A __minimum spanning tree (MST)__ or __minimum weight spanning tree__ is a subset of the edges of a connected, edge-weighted undirected graph that connects all the vertices together, without any cycles and with the minimum possible total edge weight.

![dia2](img/11mst.webp)
<div class="author">src: i1.wp.com</div>

__Applications:__

- Approximating travelling salesman problem
- Approximating multi-terminal minimum cut problem
- Approximating minimum-cost weighted perfect Cluster Analysis
- Handwriting recognition
- Image segmentation
- Circuit design

__ Algorithms for finding the MST:__

- Kruskal's Algorithm
- Prim's Algorithm

### 1.9. Kruskal's Algorithm

Kruskal's algorithm finds a minimum spanning forest of an undirected edge-weighted graph. If the graph is connected, it finds a minimum spanning tree.
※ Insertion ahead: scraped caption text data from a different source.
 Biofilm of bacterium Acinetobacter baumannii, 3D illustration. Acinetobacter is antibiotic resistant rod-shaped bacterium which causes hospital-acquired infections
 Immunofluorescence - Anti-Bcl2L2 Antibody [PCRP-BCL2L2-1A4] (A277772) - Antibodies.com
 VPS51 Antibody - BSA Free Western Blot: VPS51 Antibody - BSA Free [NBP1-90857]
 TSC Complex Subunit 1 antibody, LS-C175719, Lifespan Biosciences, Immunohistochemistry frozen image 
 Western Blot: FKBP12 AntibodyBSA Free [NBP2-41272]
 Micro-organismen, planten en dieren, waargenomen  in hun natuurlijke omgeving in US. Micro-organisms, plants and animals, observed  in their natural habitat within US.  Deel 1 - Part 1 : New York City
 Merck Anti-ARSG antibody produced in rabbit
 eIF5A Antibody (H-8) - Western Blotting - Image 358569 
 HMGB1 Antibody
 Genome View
It is a *greedy algorithm* in graph theory as in each step it adds the next lowest-weight edge that will not form a cycle to the minimum spanning forest.
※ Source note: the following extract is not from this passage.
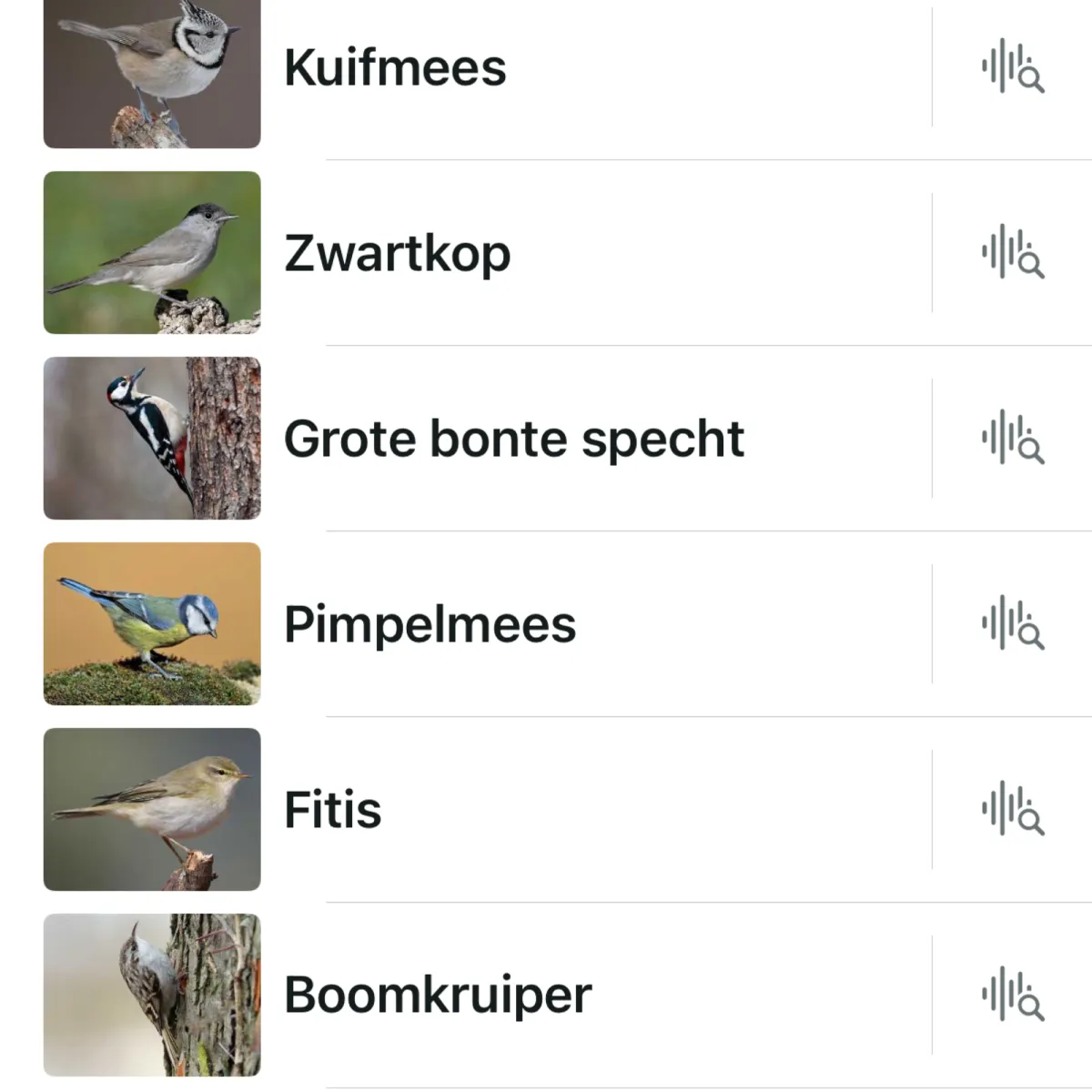 Waargenomen Kuifmees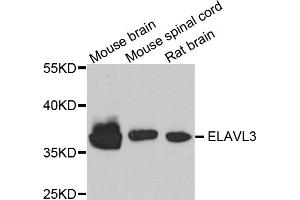 Western blot analysis of extracts of various cell lines, using ELAVL3 antibody. (HuC/ELAVL3 anticorps)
1. The edges are sorted in ascending order of their weights

2. the edge having the minimum weight is selected and added to the MST. If an edge creates a cycle, it is rejected
    
3. The above steps are repeated untill all the vertices are covered

![dia2](img/11kruskal.png)
<div class="author">src: O'Reilly Media</div>

In [45]:
# Kruskal's algorithm in Python
# Source: programiz.com

class Graph:
    def __init__(self, vertices):
        self.V = vertices
        self.graph = []

    def add_edge(self, u, v, w):
        self.graph.append([u, v, w])

    # Search function

    def find(self, parent, i):
        if parent[i] == i:
            return i
        return self.find(parent, parent[i])

    def apply_union(self, parent, rank, x, y):
        xroot = self.find(parent, x)
        yroot = self.find(parent, y)
        if rank[xroot] < rank[yroot]:
            parent[xroot] = yroot
        elif rank[xroot] > rank[yroot]:
            parent[yroot] = xroot
        else:
            parent[yroot] = xroot
            rank[xroot] += 1

    #  Applying Kruskal algorithm
    def kruskal_algo(self):
        result = []
        i, e = 0, 0
        self.graph = sorted(self.graph, key=lambda item: item[2])
        parent = []
        rank = []
        for node in range(self.V):
            parent.append(node)
            rank.append(0)
        while e < self.V - 1:
            u, v, w = self.graph[i]
            i = i + 1
            x = self.find(parent, u)
            y = self.find(parent, v)
            if x != y:
                e = e + 1
                result.append([u, v, w])
                self.apply_union(parent, rank, x, y)
        for u, v, weight in result:
            print("%d - %d: %d" % (u, v, weight))


g = Graph(6)
g.add_edge(0, 1, 4)
g.add_edge(0, 2, 4)
g.add_edge(1, 2, 2)
g.add_edge(1, 0, 4)
g.add_edge(2, 0, 4)
g.add_edge(2, 1, 2)
g.add_edge(2, 3, 3)
g.add_edge(2, 5, 2)
g.add_edge(2, 4, 4)
g.add_edge(3, 2, 3)
g.add_edge(3, 4, 3)
g.add_edge(4, 2, 4)
g.add_edge(4, 3, 3)
g.add_edge(5, 2, 2)
g.add_edge(5, 4, 3)
g.kruskal_algo()

1 - 2: 2
2 - 5: 2
2 - 3: 3
3 - 4: 3
0 - 1: 4


#### Exercise 7

Consider the graph below. Provide the order in which Kruskal's algorithm adds the edges to the MST. Compute the MST using Kruskal's algorithm.

![dia2](img/11ex7.png)


__Solution:__

{c,d},{d,f},{b,e},{e,f},{a,c}

Cost: 18

#### Exercise 8

Consider a set of 5 towns. The cost of construction of a road between town $i$ and $j$ is $a_{ij}$. Find the minimum cost of connecting the towns with each other.

$$\begin{bmatrix}
0&3&5&11&9\\
3&0&3&9&8\\
5&3&0&\infty&10\\
11&9&\infty&0&7\\
9&8&10&7&0
\end{bmatrix}$$

__Solution:__

Using Krukal's algorithm solving the MST problem of the tree $\{(1,2),(2,3),(2,5),(4,5)\}$, the total cost is 21.